Image-caption web data

====

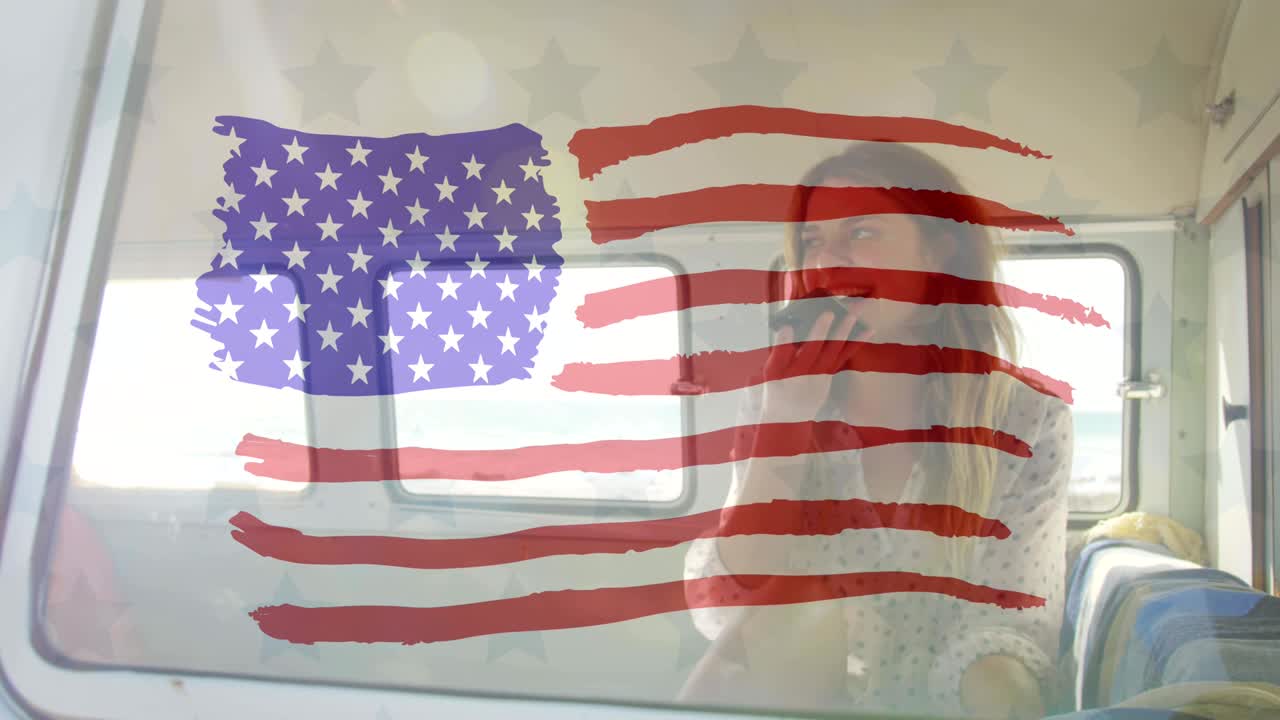 animación de la bandera estadounidense dibujada sobre una mujer caucásica en el coche usando un teléfono inteligente en la orilla del mar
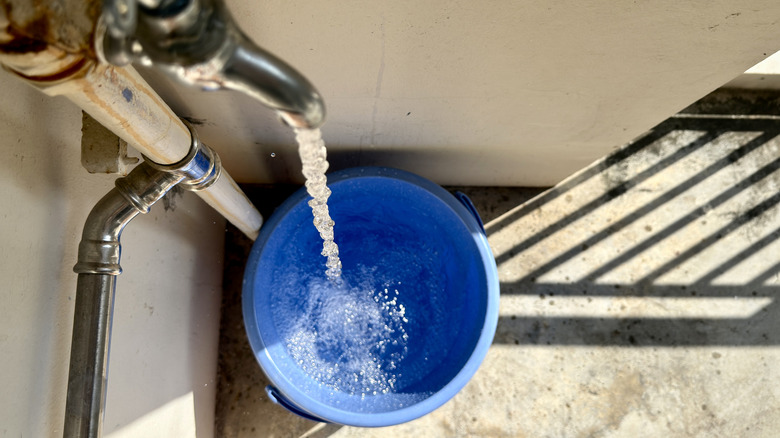 Overhead view of a blue bucket collecting water from a tap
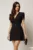 Rochie DY Fashion scurta neagra cu maneci scurte cu perle si decolteu petrecut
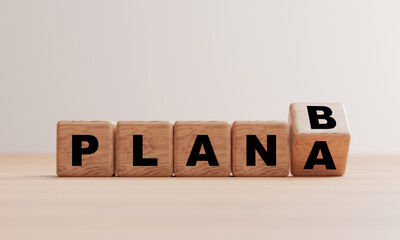 Flipping wooden cubes block for changing plan A to B on wooden table by 3d render.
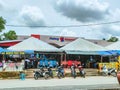 A roadside stall and a complex Padang Waremart near at the Thailand border in Perlis, Malaysia.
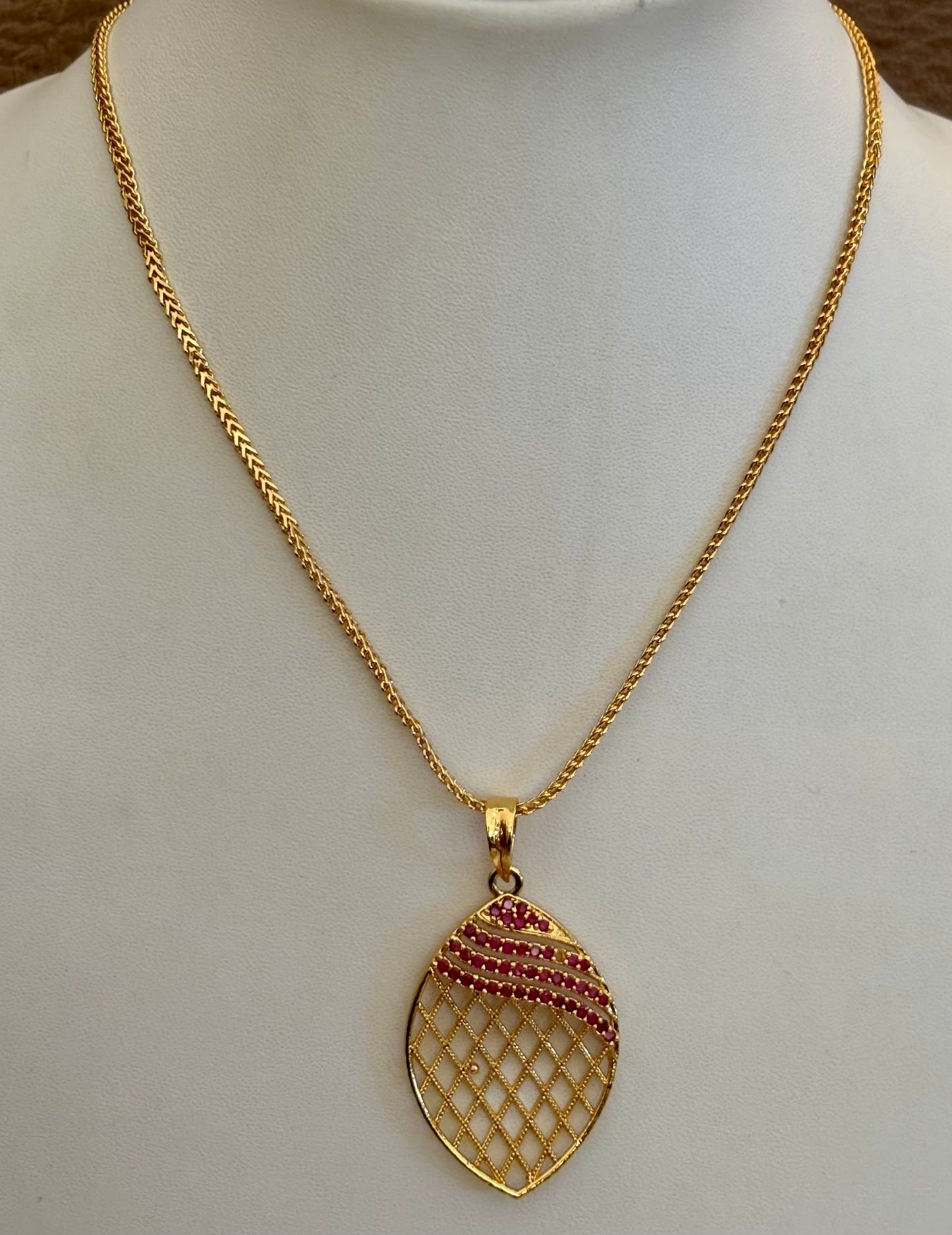 Gold-Plated Jali Work Pendant with Pink Ruby Stones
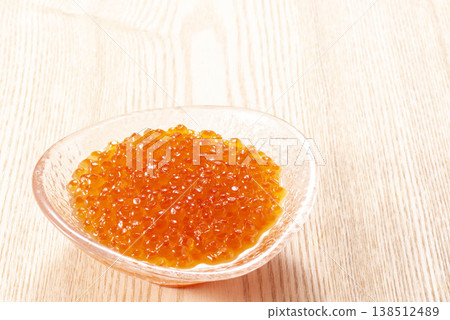 Salmon roe marinated in soy sauce, piled high on a glass plate and garnished with shiso leaves. Made with high-quality seafood ingredients, including salmon roe from autumn salmon caught in Hokkaido. 138512489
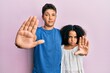 © Krakenimages.com - Young hispanic family of brother and sister wearing casual clothes together doing stop sing with palm of the hand. warning expression with negative and serious gesture on the face.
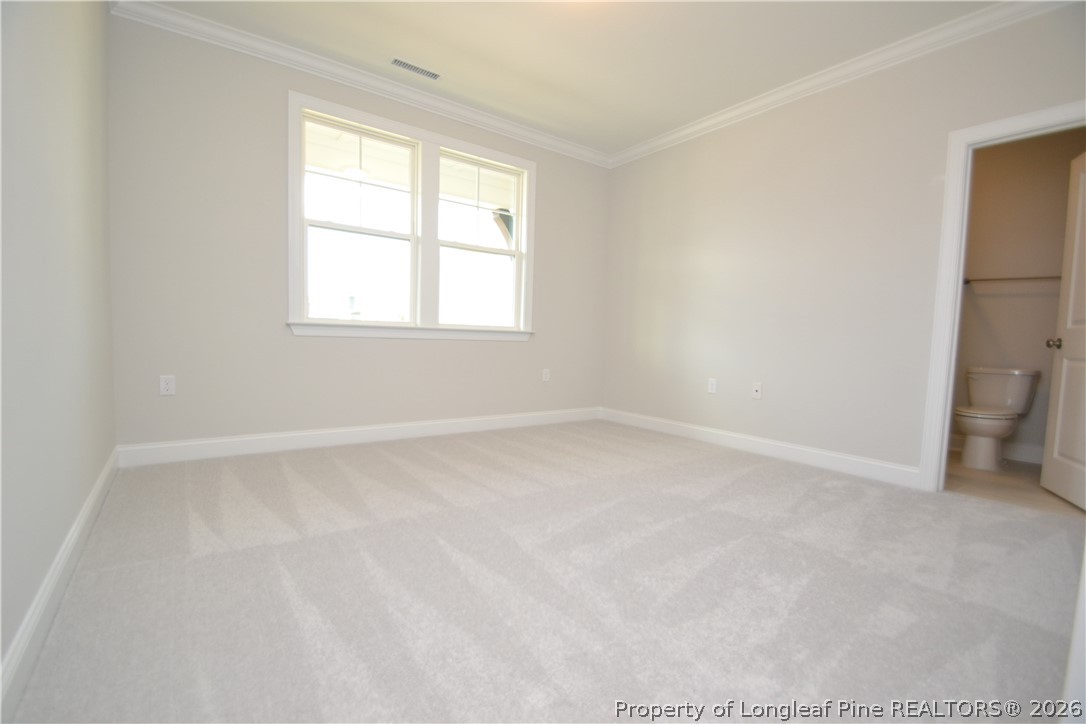 421 Canyon Spring Trail Wake Forest, NC 27587 - Photo 5 of 50 an empty room with a window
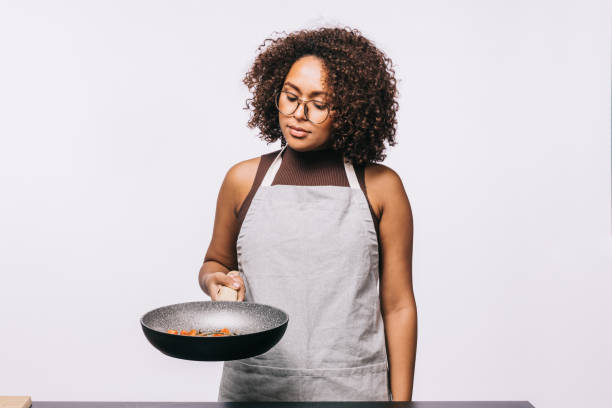 istock Young woman cooking a meal on white background 1483826536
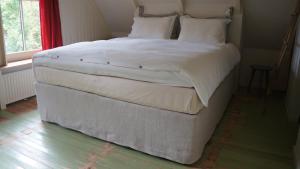 a large white bed in a room with a window at Pastorie De Waal in De Waal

====

§ Task details
Here the job is to print the data above exactly, except for any pictures.

§ Written response
 animación de la bandera estadounidense dibujada sobre una mujer caucásica en el coche usando un teléfono inteligente en la orilla del mar
 Overhead view of a blue bucket collecting water from a tap
 Rochie DY Fashion scurta neagra cu maneci scurte cu perle si decolteu petrecut
 Flipping wooden cubes block for changing plan A to B on wooden table by 3d render.
 A roadside stall and a complex Padang Waremart near at the Thailand border in Perlis, Malaysia.
 Gold-Plated Jali Work Pendant with Pink Ruby Stones
 Salmon roe marinated in soy sauce, piled high on a glass plate and garnished with shiso leaves. Made with high-quality seafood ingredients, including salmon roe from autumn salmon caught in Hokkaido. 138512489
 © Krakenimages.com - Young hispanic family of brother and sister wearing casual clothes together doing stop sing with palm of the hand. warning expression with negative and serious gesture on the face.
 421 Canyon Spring Trail Wake Forest, NC 27587 - Photo 5 of 50 an empty room with a window
 istock Young woman cooking a meal on white background 1483826536
 a large white bed in a room with a window at Pastorie De Waal in De Waal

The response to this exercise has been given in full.